Wichtig an der Stelle ist auch die Beachtung der rechtlichen Situation:
- Laut Arbeitsrecht hat der Arbeitgeber das Recht, die Sonderregelung des Homeoffice zu erlauben, also dass der Arbeitnehmer von daheim arbeiten darf. Es besteht kein genereller dauerhafter Anspruch.
- Auch ist der Arbeitnehmer allein dafür zuständig, dass er pünktlich am Arbeitsplatz ist.
- Wer nicht krank(geschrieben) ist, muss arbeiten.
Ich freue mich auf Ihre Ideen und Maßnahmen. Wie gehen Sie mit den Herausforderungen durch COVID-19 im betrieblichen Kontext um?
Fazit
Es gibt viele Möglichkeiten im Kontext der Arbeit die Neuerkrankungsrate in der Bevölkerung zu verringern. Dabei ist es wichtig, dass gemeinsam mit den Beschäftigten gute und umsetzbare Maßnahmen ergriffen werden.

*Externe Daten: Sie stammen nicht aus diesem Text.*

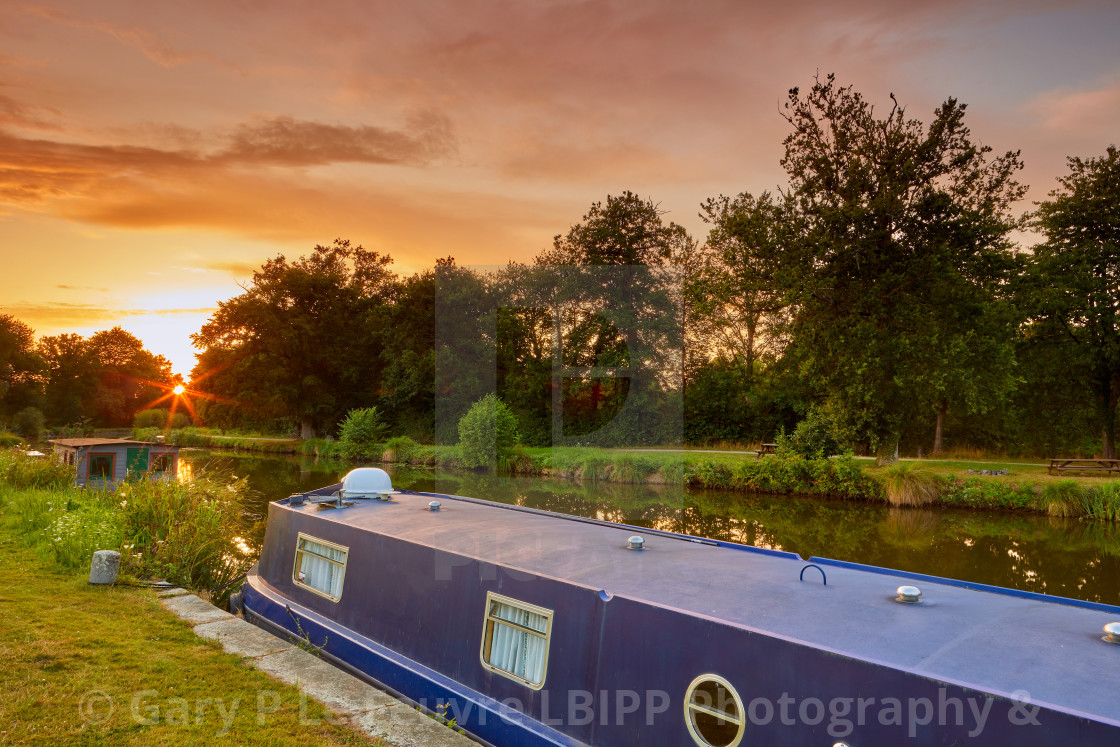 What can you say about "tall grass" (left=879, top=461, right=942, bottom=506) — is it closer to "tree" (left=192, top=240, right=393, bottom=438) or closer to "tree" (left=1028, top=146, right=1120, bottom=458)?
"tree" (left=1028, top=146, right=1120, bottom=458)

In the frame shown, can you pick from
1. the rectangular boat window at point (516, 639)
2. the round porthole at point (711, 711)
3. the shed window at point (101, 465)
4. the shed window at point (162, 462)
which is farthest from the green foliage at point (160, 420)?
the round porthole at point (711, 711)

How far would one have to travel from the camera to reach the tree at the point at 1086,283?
19.8 metres

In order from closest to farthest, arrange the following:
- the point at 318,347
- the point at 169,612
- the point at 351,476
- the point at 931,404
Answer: the point at 169,612, the point at 351,476, the point at 931,404, the point at 318,347

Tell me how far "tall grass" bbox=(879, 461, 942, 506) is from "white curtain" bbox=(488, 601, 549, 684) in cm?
1388

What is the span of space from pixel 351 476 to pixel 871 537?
32.1ft

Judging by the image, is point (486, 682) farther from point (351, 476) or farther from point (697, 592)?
point (351, 476)

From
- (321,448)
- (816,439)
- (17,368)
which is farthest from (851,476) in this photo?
(17,368)

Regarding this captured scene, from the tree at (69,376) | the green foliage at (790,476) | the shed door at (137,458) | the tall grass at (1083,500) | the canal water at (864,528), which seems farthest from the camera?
the tree at (69,376)

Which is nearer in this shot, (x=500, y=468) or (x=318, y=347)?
(x=500, y=468)

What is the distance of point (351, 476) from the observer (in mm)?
7664

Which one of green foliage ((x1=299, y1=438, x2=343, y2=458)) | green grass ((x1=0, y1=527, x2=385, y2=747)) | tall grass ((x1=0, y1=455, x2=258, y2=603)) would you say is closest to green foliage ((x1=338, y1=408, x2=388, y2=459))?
green foliage ((x1=299, y1=438, x2=343, y2=458))

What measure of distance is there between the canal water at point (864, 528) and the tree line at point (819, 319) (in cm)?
360

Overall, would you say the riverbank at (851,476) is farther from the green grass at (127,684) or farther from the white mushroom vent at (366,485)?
the green grass at (127,684)

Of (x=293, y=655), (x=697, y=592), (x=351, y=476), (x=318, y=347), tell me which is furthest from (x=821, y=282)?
(x=318, y=347)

Wir von perspect sind mit unserem Team bei vielen Unternehmen beratend tätig. Oft starten wir mit der Gefährdungsbeurteilung der psychischen Belastungen entsprechend der Forderungen im Arbeitsschutzgesetz. Themen, die dabei fast immer als belastend empfunden werden, sind die interne Kommunikation und eine mitarbeitermotivierende Arbeitsorganisation.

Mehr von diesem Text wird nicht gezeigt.